Fri, 7 Jun 2002 13:40:36 -0400

On Fri, Jun 07 @ 12:29, Guido van Rossum wrote:
> First, a few new issues in this thread:
> 
> - On Windows, setting a timeout on a socket and then using s.makefile()
>   works as expected (the I/O operations on the file will time out
>   according to the timeout set on the socket).  This is because
>   makefile() returns a pseudo-file that calls s.recv() etc. on the
>   socket object.  But on Unix, s.makefile() on a socket with a timeout
>   is a disaster: because the socket is internally set to nonblocking
>   mode, all I/O operations will fail if they cannot be completed
>   immediately (effectively setting a timeout of 0 on the file).  I have
>   currently documented around this, but maybe it would be better if
>   makefile() used a pseudo-file on all platforms, for uniform behavior.
>   Thoughts?  I'm also thinking of implementing the socket wrapper (which
>   is currently a Python class that has a "real" socket object as an
>   instance variable) as a subclass of the real socket class instead.

  Glad to hear that _fileobject works well. Is there any benefit to
having the file code in C? I bet the python code isn't that much
slower. It does seem a shame to have to switch between the two. Maybe
one solution is that a makefile should set blocking back on if a
timeout exists? That would solve the problem and is a consistent
change since it only checks timeout behavior (= 2 lines of code). I'd
vote for using the python fileobject for both. Some profiling of the
two would be nice if you have the time.

  Er, what's the difference between that and _socketobject in
socket.py? Why not just use the python bit consistently?

> - The original timeout socket code (in Python) by Tim O'Malley had a
>   global timeout which you could set so that *all* sockets
>   *automatically* had their timeout set.  This is nice if you want it
>   to affect library modules like urllib or ftplib.  That feature is
>   currently missing.  Should we add it?  (I have some concerns about
>   it, in that it might break other code -- and it doesn't seem wise to
>   do this for server-end sockets in general.  But it's a nice hack for
>   smaller programs.)

  Is it really so painful for apps to keep track of all their sockets
and then do something like:

     for sock in sock_list:
        sock.settimeout (blah)

  Why keep track of them in the socket module, unless there's already code
for this.

> >   Good stuff. The module needed a little work as I discovered as well
> > :)
> 
> ...and it still needs more.  There are still way too many #ifdefs in
> the code.

  Well, we agreed to do some clean-up in a separate patch but you seem
anxious to get it in there :)

> >   I think the tests should follow the same pattern as the
> > test_socket.py.  While adding my regression tests, I noted that the
> > general socket test suite could use some re-writing but I didn't feel
> > it appropriate to tackle it at that point. Perhaps a next patch?
> 
> Yes, please!

  Alrighty. I'll re-write the test_socket.py and do the test_timeout.py
as well.

> >   This was a concern from the beginning but we had some chat on the
> > dev list and concluded that any system supporting sockets has to
> > support select or some equivalent (hence the initial reason for using
> > the select module, although I agree it was expensive).
> 
> But that doesn't mean there aren't platform-specific tweaks necessary
> to import the definition of select() and the FD_* macros.  We'll find
> out soon enough, this is what alpha releases are for. :-)

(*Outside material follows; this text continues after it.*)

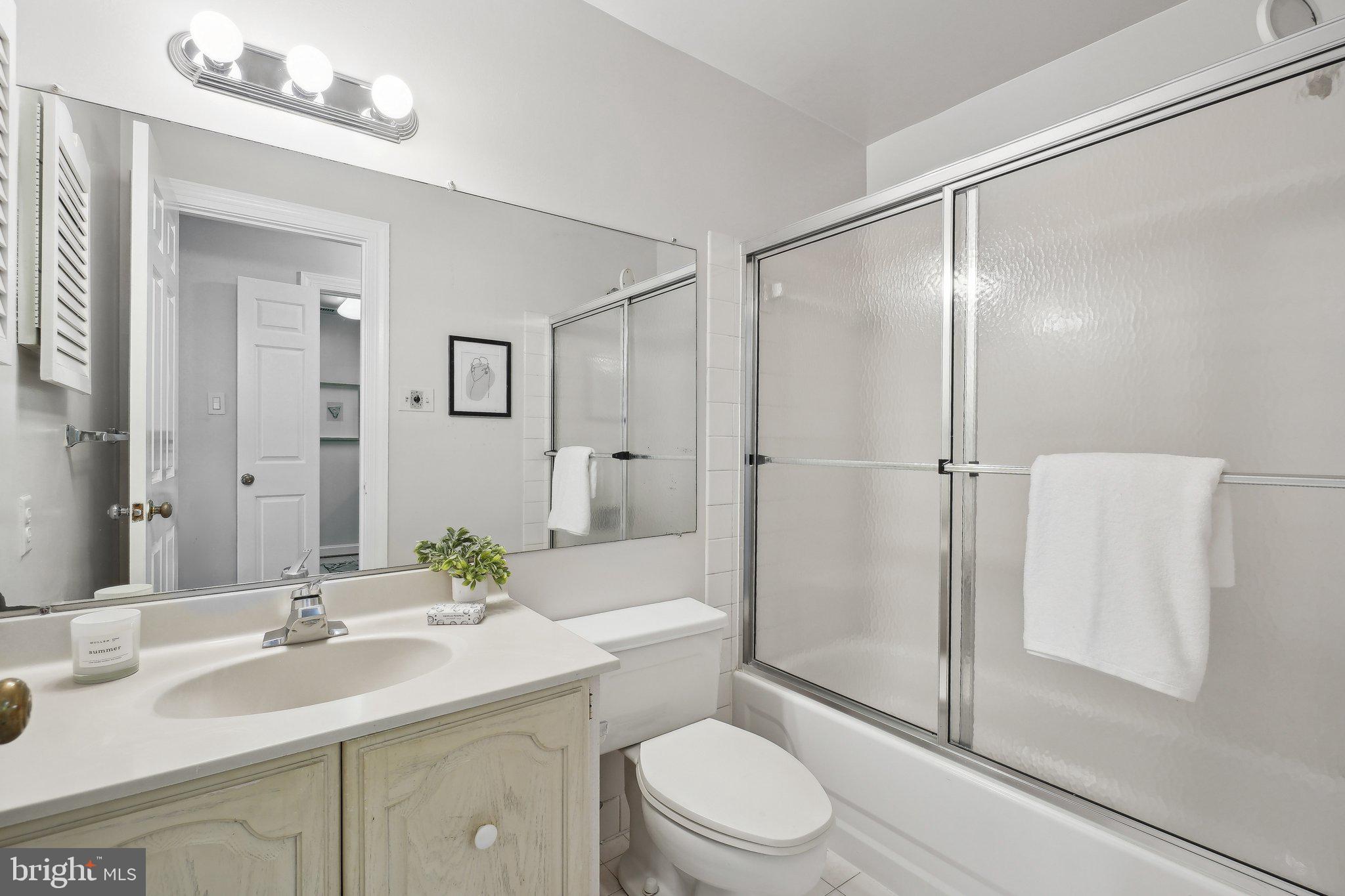 414 3rd Street Southeast Washington, DC 20003 - Photo 12 of 50 Full bath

  Well, this was the initial reason to use the selectmodule.c code.
There's got to be a way to share code between the two for bare access
to select, since someone else might want to use such functionality one
day (and this has set the precendent). Why not make a small change to
selectmodule.c that opens up the code in a C API or some sort? And
then have select_select use that function internally.

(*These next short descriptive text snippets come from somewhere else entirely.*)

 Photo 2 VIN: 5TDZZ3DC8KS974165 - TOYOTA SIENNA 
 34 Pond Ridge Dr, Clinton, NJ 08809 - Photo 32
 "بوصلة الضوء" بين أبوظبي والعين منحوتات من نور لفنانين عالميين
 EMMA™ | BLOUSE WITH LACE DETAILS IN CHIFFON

> > > - I'm not sure that the handling of timeout errors in accept(),
> > >   connect() and connect_ex() is 100% correct (this code sniffs the
> > >   error code and decides whether to retry or not).

  This is how the original timeoutsocket.py did it and it seems
to be the way to do blocking connects. You try to do the connect, check
if it happened instantaneously and then if not, do the select, and then
try again. Errno is the way to check it. That's why if we're doing timeout
stuff, there's a second call to accept/connect. Says the linux man pages:

 EAGAIN or EWOULDBLOCK
   The socket is marked non-blocking and no connections are present to
   be accepted.

> >   I've tested these on linux (manually) and they seem to work just
> > fine. I didn't do as much testing with connect_ex but the code is
> > very similar to connect, so confidence is high-er. The reason for the
> > two-pass is because the initial connect needs to be made to start the
> > process and then try again, based on the error codes, for non-blocking
> > connects. It's weird like that.
> 
> I'll wait for the unit tests.  These should test all three modes
> (blocking, non-blocking, and timeout).

  Ok.. Should I merge the test_timeout.py and test_socket.py as well
then? A little off-topic, while I was thinking of restructuring these
tests, I was wondering what might be the best way to structure a unit
test where things have to work in seperate processes/threads. What
I'd really like to do is:

  * Have the setup function set up server and client sockets
  * Have the tear-down function close them
  * Have some synchronization function or simple message (this is
    socket specific)
  * Then have a test that has access to both threads and can insert
    call-backs to run in each thread.

  This seems tricky with the current unit-test frame work. The way I'd
do it is using threading.Event () and have the thing block until the
server-side and client-side respectively submit their test callbacks.
But it might be nice to have a general class that can be added to the
testing framework. Thoughts?

> Can you explain why on Windows you say that the socket is connected
> when connect() returns a WSAEINVAL error?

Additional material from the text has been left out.